When our identity is out of sync with where we find ourselves in life, it creates severe dissatisfaction. At the same time, it means that we can form a vision of who we want to be. If we take first steps, what Dr Frank calls “baby steps”, we can overcome the resistance almost all of us have to change.

Costa, Wendy, Megan and Steve were all confronted with who they were and decided that was not who they wanted to be.

The day after his experience at the ATM, Costa found a meeting of a group following the 12-step programme. He has been clean for more than eight years (though he emphasises that it is always only for today; that he cannot and will not claim anything beyond that.)

Wendy sat down with a financial planner and worked out an enhanced savings plan for the last ten years of her working life. She scaled down her expenses, making real sacrifices to achieve the goal of comfortable retirement – not that she has not continued working, but we’ll talk about that in another article.

Megan and husband Greg put in place a support structure which has made it possible for her to return to work. She had to learn that asking for help was not a sign of weakness. Also, being a perfectionist, “realising that you have given your best for today and that is okay. That has been a big lesson,” she says.

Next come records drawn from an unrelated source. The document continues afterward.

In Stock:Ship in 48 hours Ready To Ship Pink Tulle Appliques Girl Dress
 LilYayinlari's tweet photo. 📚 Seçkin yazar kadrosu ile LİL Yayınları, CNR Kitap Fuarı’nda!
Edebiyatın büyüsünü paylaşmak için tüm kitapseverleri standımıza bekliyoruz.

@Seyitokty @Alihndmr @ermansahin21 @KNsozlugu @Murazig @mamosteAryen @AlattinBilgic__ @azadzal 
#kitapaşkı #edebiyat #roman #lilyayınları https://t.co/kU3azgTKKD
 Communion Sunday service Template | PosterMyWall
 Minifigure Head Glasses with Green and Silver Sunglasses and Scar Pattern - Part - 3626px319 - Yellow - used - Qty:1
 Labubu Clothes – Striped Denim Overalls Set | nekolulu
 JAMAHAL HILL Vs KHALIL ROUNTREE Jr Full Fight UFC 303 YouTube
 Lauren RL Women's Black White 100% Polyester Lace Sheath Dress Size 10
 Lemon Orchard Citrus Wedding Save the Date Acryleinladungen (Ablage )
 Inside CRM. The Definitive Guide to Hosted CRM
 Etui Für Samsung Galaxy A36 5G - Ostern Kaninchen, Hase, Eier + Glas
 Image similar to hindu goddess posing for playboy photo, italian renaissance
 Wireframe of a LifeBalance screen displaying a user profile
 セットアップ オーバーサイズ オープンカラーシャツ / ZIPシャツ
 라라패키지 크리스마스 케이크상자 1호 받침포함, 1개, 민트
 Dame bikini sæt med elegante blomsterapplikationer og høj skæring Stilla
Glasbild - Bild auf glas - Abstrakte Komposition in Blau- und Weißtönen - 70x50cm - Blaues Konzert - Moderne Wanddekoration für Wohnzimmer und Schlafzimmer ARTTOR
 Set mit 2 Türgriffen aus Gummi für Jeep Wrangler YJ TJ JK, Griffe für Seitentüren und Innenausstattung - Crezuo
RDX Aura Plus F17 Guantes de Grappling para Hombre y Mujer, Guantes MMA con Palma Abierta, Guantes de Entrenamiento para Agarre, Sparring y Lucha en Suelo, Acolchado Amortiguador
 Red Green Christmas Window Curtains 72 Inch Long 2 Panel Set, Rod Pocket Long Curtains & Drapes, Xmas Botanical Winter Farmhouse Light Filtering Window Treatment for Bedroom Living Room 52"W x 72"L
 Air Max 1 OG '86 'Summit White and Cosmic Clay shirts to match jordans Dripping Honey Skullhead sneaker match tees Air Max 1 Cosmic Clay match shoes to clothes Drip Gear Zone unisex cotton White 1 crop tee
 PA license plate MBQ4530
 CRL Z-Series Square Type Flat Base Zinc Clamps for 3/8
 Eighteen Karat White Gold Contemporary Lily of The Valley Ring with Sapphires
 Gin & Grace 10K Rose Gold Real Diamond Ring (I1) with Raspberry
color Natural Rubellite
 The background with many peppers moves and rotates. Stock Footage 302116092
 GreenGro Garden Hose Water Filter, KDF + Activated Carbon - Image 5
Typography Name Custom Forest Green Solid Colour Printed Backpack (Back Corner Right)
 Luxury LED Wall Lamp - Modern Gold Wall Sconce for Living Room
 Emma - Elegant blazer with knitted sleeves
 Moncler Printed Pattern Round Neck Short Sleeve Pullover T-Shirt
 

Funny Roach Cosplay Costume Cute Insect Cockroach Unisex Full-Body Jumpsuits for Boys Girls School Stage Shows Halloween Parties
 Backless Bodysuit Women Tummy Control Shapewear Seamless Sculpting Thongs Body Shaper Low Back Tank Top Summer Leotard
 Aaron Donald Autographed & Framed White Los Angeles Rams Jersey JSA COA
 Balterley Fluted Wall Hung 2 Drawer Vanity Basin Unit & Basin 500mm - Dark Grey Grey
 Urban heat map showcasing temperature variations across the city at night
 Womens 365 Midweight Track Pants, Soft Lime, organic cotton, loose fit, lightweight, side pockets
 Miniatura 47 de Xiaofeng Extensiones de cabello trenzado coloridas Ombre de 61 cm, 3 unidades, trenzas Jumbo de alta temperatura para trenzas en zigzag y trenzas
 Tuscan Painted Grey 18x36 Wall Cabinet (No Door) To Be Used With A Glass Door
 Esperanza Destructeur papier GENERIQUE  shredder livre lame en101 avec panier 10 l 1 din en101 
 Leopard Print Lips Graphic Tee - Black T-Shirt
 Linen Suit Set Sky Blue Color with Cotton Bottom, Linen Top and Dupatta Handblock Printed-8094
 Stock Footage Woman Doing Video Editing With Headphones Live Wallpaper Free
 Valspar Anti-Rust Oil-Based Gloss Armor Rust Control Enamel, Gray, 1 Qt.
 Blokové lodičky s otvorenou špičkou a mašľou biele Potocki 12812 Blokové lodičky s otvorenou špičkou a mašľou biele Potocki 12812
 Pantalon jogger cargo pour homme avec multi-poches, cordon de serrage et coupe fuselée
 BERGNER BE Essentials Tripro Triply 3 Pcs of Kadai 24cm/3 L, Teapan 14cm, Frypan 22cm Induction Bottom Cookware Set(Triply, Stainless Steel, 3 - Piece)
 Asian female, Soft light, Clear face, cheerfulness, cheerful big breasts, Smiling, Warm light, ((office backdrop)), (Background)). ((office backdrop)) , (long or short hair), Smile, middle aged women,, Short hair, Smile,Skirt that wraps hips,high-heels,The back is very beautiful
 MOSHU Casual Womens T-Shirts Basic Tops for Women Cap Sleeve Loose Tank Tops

Steve slowly and carefully built a new financial planning company in which his values as a Christian are always paramount. His colleagues do not have to be Christians, but their values have to align. The whole team gets together regularly to check in on whether they are still focused on doing the right thing for the client even if it means a lower profit margin.

Our identities are intertwined with our life choices – our jobs, our partners, our friends, our lifestyle. If you are dissatisfied and unhappy, perhaps it’s time to ask, “Is this really who I am?”

This is the second of five articles based on the interviews in our podcast, “When Change Happens”. The series tells compelling stories of change and unpacks the underlying patterns that support or hamper the process.